Resilience and Fault Tolerance

  • Error sink: Use spec.errors with ClickHouse (or Kafka) to capture failed messages for replay or analysis. See Error Handling.
  • Connection string: Recommended parameters: dial_timeout=10s, max_execution_time=60 (e.g. clickhouse://host:9000/default?dial_timeout=10s&max_execution_time=60).
  • Batch tuning: For throughput and resilience, use batchSize 100–1000 and batchFlushIntervalSeconds 5–10. Larger batches reduce insert frequency and can help avoid TOO_MANY_PARTS.
  • TOO_MANY_PARTS: If you see this error, increase batchSize, decrease flush frequency, or tune ClickHouse merge settings (background_pool_size, parts_to_throw_insert). Consider ReplacingMergeTree for deduplication. See Fault Tolerance.
  • Auto-create Tables (when autoCreateTable: true):
  • rawMode: true — table is created at Connect time. Schema: data String, created_at DateTime DEFAULT now(), MergeTree engine, ORDER BY created_at. Messages are stored as JSON string in data column
  • rawMode: false — table is created at first write from the first message structure. Column types are inferred automatically (String, Int32/Int64, Float64, Decimal, DateTime, etc.). Supports {"value": {...}, "_metadata": {...}} format — uses fields from value
  • Raw Mode: When true, expects/stores JSON in data column. When false, uses columnar format from message (INSERT with named columns)

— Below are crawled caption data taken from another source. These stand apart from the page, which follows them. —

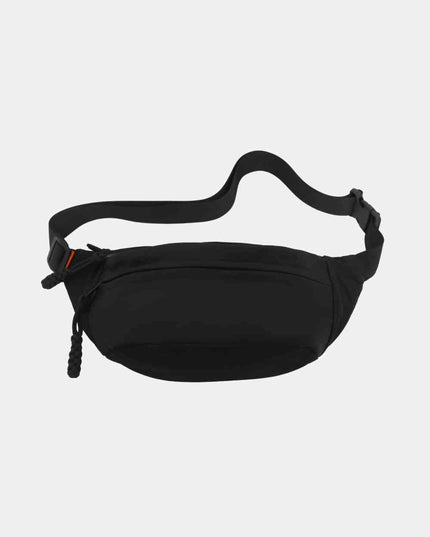 Nylon Sling Bag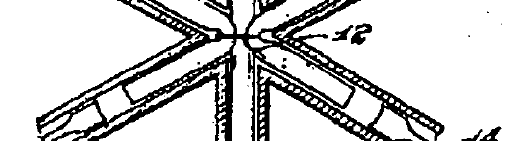 Figure on page 10 of the opinion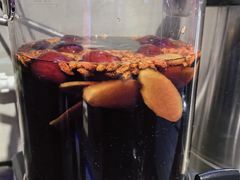 -李姑婆鲜切牛肉火锅自助(凤城二路店)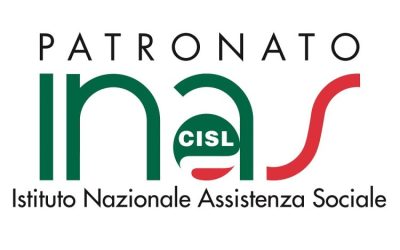 Patronato: accordo tra Aser e Inas Cisl Emilia Romagna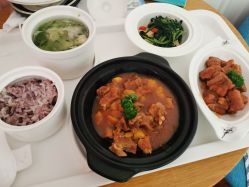 -菁幼月子会所(儿童医院店)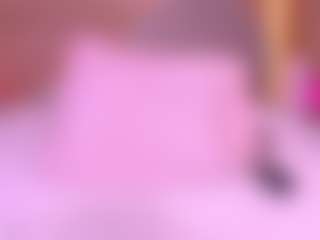 Danna Berlin's Live Sex Cam Show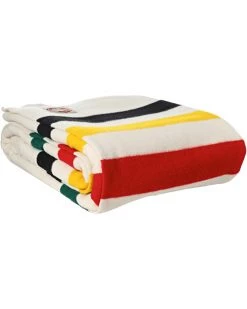 Pendleton National Park Blanket - Full | Bedding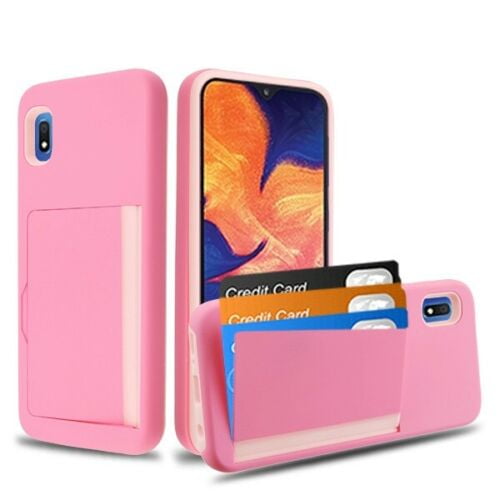 samsung galaxy a102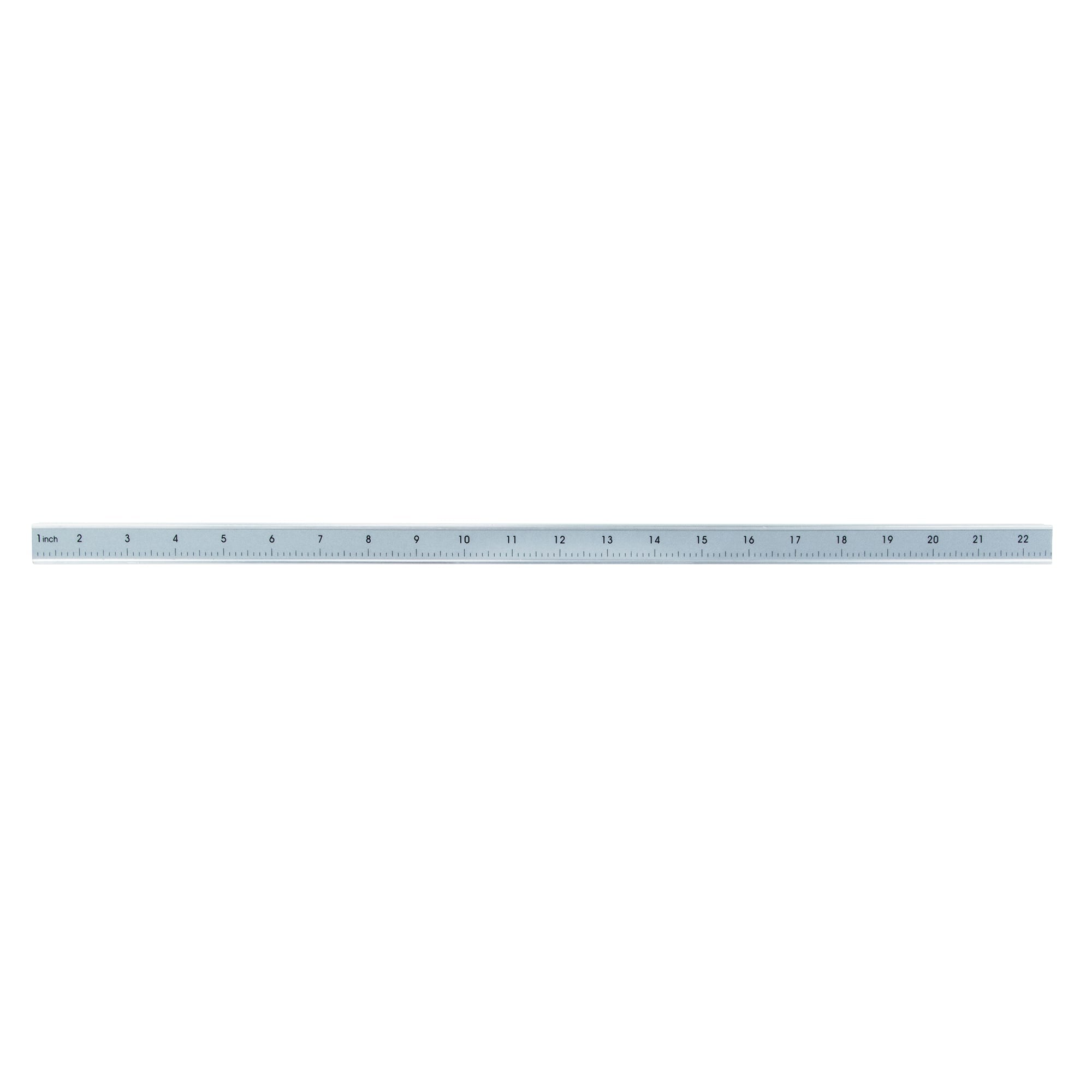 Repositionable Guide Bar for Specific Multi-Floor Cutters - 2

Example: Kafka to ClickHouse

apiVersion: dataflow.dataflow.io/v1
kind: DataFlow
metadata:
  name: kafka-to-clickhouse
spec:
  source:
    type: kafka
    config:
      brokers:
        - kafka:9092
      topic: input-topic
      consumerGroup: dataflow-group
  sink:
    type: clickhouse
    config:
      connectionString: "clickhouse://default@clickhouse:9000/default"
      table: output_table
      batchSize: 100
      autoCreateTable: true

Example: ClickHouse to ClickHouse (schema replication)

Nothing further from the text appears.